I've caught a few this year right around there!


----------



## togman (Oct 12, 2003)

*Stargazer*

I heard that StarGazer's can produce an electrical shock, Is that true? I caught one years ago the same way, then was told they produce over 100 volt shock, anyone know if that is true?


----------



## Kajun (Jul 13, 2003)

my friend caught a stargazer at lesner,duckinn side...must have went 3lbs..it was BIG!....caught it on a 6in storm lure.

yes they are common catches around here..


----------



## Heaver (Feb 7, 2001)

Stargazer. And they will give you a jolt if not careful.

ANother unique thing is how they can bury themselves in the sand/ Almost instantly. I beached one once, hook came off, and saw it "swim" into the sand that quick! I dug around for it and it was gone! All in a period of 20-30 sec.

Lou


----------



## Wilber (May 20, 2003)

Stargazer's have a specialized muscle at the back of their head that will produce a nice shock. I found out the hard way, it felt like it come out my elbow, tingled for about an hour. Watch 'em.


----------



## lowpine (May 28, 2002)

I've heard they taste great, sort of like monkfish....


----------



## 1mocast (Jul 11, 2003)

*ughh*

I dont think I would ever try to eat anything that looked like that.

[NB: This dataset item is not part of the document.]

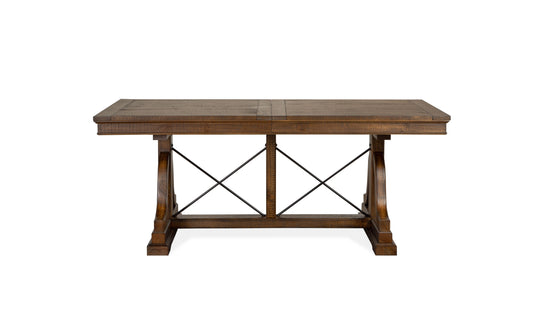 Bay Creek - Trestle Dining Table - Toasted Nutmeg - Premium Dining Tables from Magnussen Furniture - Just $1418! Shop now at brett interiors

I don't even want to toch them, whenever I get one I simply donate the hook.

Luckily I've only caught two


----------



## cocoflea (Aug 1, 2002)

Remember some of the ugliest fish are the Tastest the first time I caught a Wolf fish I didn't want to bring it in the boat, but after tasting one I wish I caught more.


----------



## HighCap56 (Oct 21, 2003)

I must have been lucky with that little shocker. 

He was determined to fin me, so I held him flat on the sand and put some pressure to make him be still.

I didn't get zapped, but shortly after read that they can do that.

One of natures little oddities.

Bob


----------